藤井:未来が確実な社会なら、同質統制組織が機能したかもしれませんが、未来が不確実な社会では、異質共鳴組織が不可欠なのですね。
島田:私が在籍していたシーメンスの例を挙げると、10年前は30万人の従業員のうち20万人がドイツ人でしたが、今ではドイツ人は10万人にとどまっています。わずか10年の間に、それだけ多国籍化が進んでいるということです。
先が見えない時代だからこそ、多様性を持った戦略が必要であり、多様性を許容する文化であることが重要です。そうした文化を築くには、トップに立つ人間は自分の考えを押し付けてはいけないし、下にいる人も言うことを聞いているだけではいけない。
藤井:スポーツだとすれば、ベンチにいる監督が次の攻撃を指示するのではなく、フィールドにいる選手たちが自分のポジションの役割を踏まえて判断して動くということですね。
島田:知人のプロアスリートからこんな話を聞いたことがあります。日本人は、アイススケートや体操のように決められたルールに沿って得点を積み上げる競技では、練習どおりに本番で力を出せばメダルを取れる。しかし、サッカーのように多くのメンバーが瞬間瞬間で判断して動くチーム競技ではトップに届かない、と。これを製造業に置き換えれば、一定の法則に従って、前よりも高性能化・コンパクト化した製品を作ることにおいて、日本人は長けている。けれど、カオスの中でのチームプレーでは競り負ける、ということですね。
藤井:カオスに強いチーム作りの第一歩が「多様性」。ラグビーW杯で躍進した日本代表チームが「多国籍」であったのは、象徴的といえるかもしれませんね。
島田:日本は長い歴史を見れば、決してクローズな民族ではありません。遣唐使の時代より、中国から思想も文化も技術も導入し、それをベースに独自のものを築き上げてきたわけですから。再度、スイッチを切り替える時期が来ていると思います。

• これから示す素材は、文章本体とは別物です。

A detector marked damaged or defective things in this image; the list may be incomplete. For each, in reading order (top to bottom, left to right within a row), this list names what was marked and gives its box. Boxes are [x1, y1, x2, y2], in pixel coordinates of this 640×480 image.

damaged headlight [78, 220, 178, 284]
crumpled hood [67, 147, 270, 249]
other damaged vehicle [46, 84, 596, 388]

イノベーションは「特定専門部署」の取り組みにとどめるべきではない
藤井:イノベーションの手段の一つとして、「デジタルトランスフォーメーション(DX)」が注目を集め、多くの企業がDXを推進する部署を設けるなどして取り組んでいます。ところが、大手企業のDX推進担当者が、提案をしても経営陣あるいは現場が動かないことに悩み、転職を考えるケースが見られるのです。

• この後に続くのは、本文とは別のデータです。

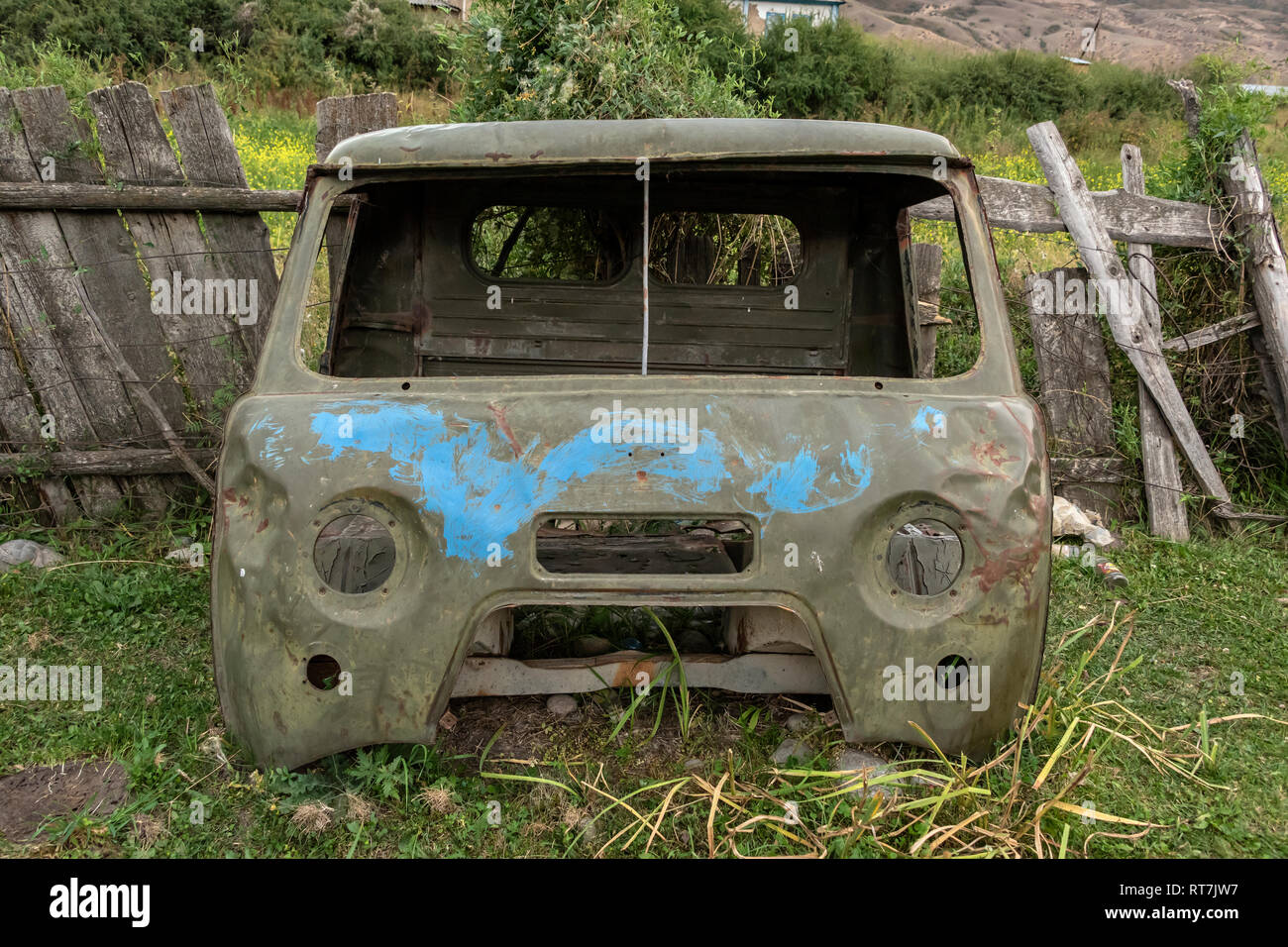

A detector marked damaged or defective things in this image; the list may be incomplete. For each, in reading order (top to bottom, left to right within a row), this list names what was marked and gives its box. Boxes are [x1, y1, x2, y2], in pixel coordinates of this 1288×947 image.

rusty vehicle shell [211, 118, 1046, 769]
rusted roof [327, 119, 959, 169]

島田さんはDX推進の責任者として東芝に入社されて以来、役員や事業部長などへの説明会をはじめ、100回以上ものプレゼンをされてきたそうですね。企業はどうすればDXを確実に推進できると思われますか。
島田:大手企業がイノベーションを起こそうというときには、よく「専門部署を作る」という発想になりがちですが、注意が必要なのは「出島」のようになってしまうこと。長崎の出島は江戸幕府による外国人流入防止策として築かれたものですが、それと同様に「異なるもの」を本丸から引き離した状態に陥りがちです。
私は、「デジタルは全員でやるもの」と考えています。専門部署の10人でやるより、東芝の全社員13万人でやったほうがいいに決まっています。そこで『みんなのDX』と称して、デジタル化の定義を共有するところから始めました。
会長とは、「東芝の企業価値を倍増させる」というビジョンを語り合っています。それは今の延長線上の考え方ではできません。それを従業員全員に腹落ちさせなければならない。
藤井:全員で腹を割らなければ、全員で腹をくくれない。専門家だけが集まってやるのではなく、いろいろな部署・ポジションの人が参加する。しかも「自らの存在目的」をトップダウンでなく、互いが当事者として語り合う。まさに『みんなのDX』こそダイバーシティ&インクルージョンですね。
島田:「こういうことは若い人にやらせればいい」というのも間違いです。シリコンバレーなどに行けば60代のスタートアップ起業家だっています。中高年層にイノベーションができないと思い込むのも、日本の悪いクセ。どんなところからでもイノベーションは生まれる。「innovation around the corner:角を曲がればイノベーションがある」です。
藤井:「全員参加」ということですが、どのように関わればいいのか、戸惑う人もいるのではないでしょうか。一個人はどんなことから始めていけばいいと思われますか。
島田:私の場合は、まず「概念」を伝え、「こういう概念をあなたの事業に当てはめるとどうなりますか」と投げかけています。これまでにいろいろなパターンの成功事例がありますから、「業種が違うからうちではできない」ではなく、どのパターンなら自分の仕事に当てはまるか、どのエッセンスなら取り入れられそうか、考えてほしい。もちろん事業形態によっては難しいこともありますが、「考えてみる」ことが重要です。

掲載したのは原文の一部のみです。